Time For Sober, Second Thought on Canada's Future


Several decades ago we cut out the middleman and settled down to an existence where "because I can" leads directly to "so I shall."   What has fallen into desuetude was what once existed between the two, contemplation.

It was the sticky, moral middle ground that had to go.   Within it lurked messy problems like posterity, meaning and purpose.

Take the Tar Sands for example.   Their development has followed the very linear path of because I can/so I shall.   Discussion of whether we should leave the stuff in the ground to await new technologies or to meet the needs of future generations are snuffed out like a discarded cigarette.  Posterity?   Hardly.   Alberta and Ottawa are treating the resource as though it belongs to them, today and future generations of Albertans and Canadians be buggered.  

Norway, which now sits atop one of the world's largest sovereign wealth funds, spent a good deal of highly productive time before passing from "can" to "shall."   That led them to understand and accept that the country's non-renewable petroleum reserves belonged to the country, both now and into the distant future.   Hence their oil wealth would not be taken into the treasury and doled out to the citizenry but instead would be kept separate, invested and preserved for future generations.

Norwegians, it seems, didn't get the message that, without those oil dollars, their country would be a backward,  impoverished place with a second-rate economy.   Canadians, by contrast, are continually fed that very story because it bolsters the "can/shall" dynamic.    On the world stage, we can't cut it without those bitumen royalties - or so the story goes - so shut up and keep digging.
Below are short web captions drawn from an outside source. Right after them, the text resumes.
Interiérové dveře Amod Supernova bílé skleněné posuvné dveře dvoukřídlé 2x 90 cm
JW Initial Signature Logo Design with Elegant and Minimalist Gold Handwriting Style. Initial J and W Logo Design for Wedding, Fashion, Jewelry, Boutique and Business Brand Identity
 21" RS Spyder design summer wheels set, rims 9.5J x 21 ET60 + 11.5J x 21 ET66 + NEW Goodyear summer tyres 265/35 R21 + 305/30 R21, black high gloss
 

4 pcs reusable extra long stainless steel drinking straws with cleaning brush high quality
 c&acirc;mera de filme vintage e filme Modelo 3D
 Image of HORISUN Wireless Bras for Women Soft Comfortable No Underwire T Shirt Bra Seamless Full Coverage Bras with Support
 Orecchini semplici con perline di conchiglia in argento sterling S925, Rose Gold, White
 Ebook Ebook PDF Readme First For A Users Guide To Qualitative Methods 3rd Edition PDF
Canada, we rank 35th in population88th by population density (of countries with more than 9-million people),  a very respectable second place in overall territory, and, by an enormous margin, number one in total coastline.   And yet, with all these advantages and our country's vast resources and highly educated population, we'd be second rate without bitumen?   Really?   Shouldn't we perhaps have a little contemplative discussion about that?  I know, maybe we should ask the Norwegians what they think of our bitumen boom and bust mentality.